Radiation-pressure instability was identified soon after the seminal classical accretion disk models of Shakura & Sunyaev and Novikov & Thorne, yet its full implications remain an active area of investigation. These models form the backbone of our understanding of accretion onto compact objects and successfully describe the phenomenology of black hole and neutron star X-ray binaries,
as well as luminous active galactic nuclei (AGN), in the regime of high mass accretion rates. At luminosities approaching a significant fraction of the Eddington limit (𝐿/𝐿Edd ≥ 0.1), standard
thin disks are predicted to become thermally unstable due to the dominance of radiation pressure.
This prediction has found empirical support in several Galactic stellar-mass black hole systems, where the instability manifests as quasi-periodic, large-amplitude luminosity oscillations, so-called
“heartbeat states”, and has been proposed as a driver of observed signatures of deterministic chaos in accretion-driven light curves.
The scope of radiation-pressure-induced variability extends beyond stellar-mass black holes: both black holes across mass scales and accreting neutron stars can exhibit related behavior, though
the presence of a boundary layer in neutron stars adds complexity and offers a unique laboratory for testing the interplay between accretion dynamics and the central object. On extragalactic scales, the instability has been invoked to explain the duty cycles and apparent short lifetimes of radio-loud AGN, as well as the dramatic spectral-state transitions seen in Changing-Look AGN.

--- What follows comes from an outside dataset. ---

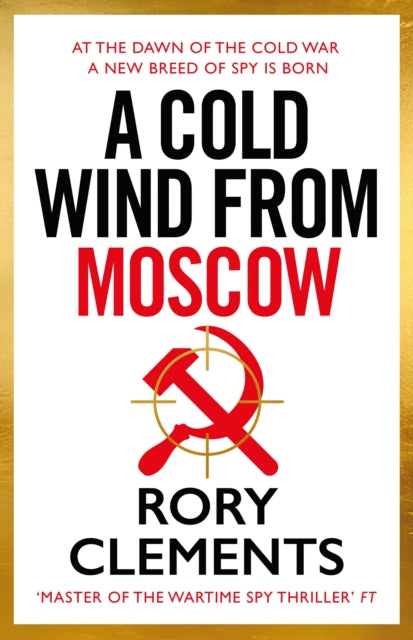 A Cold Wind From Moscow : The brand new 2025 thriller from the master of spy fiction-9781785126963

Despite these advances, the theoretical picture remains unclear. State-of-the-art magnetohydrodynamic (MHD) simulations have not yet reached consensus on the conditions under which the radiation-pressure instability fully develops or is suppressed. Magnetic fields, which mediate angular momentum transport and couple to both gas and radiation, emerge as a potentially critical factor in modulating the instability’s onset and nonlinear evolution. This lecture will revisit the historical development of the instability concept, survey the current observational and theoretical status across different classes of accreting compact objects, and highlight the key open questions in the theory and the connection to observed variability phenomenology, that will shape the next fifty years of disk instability research.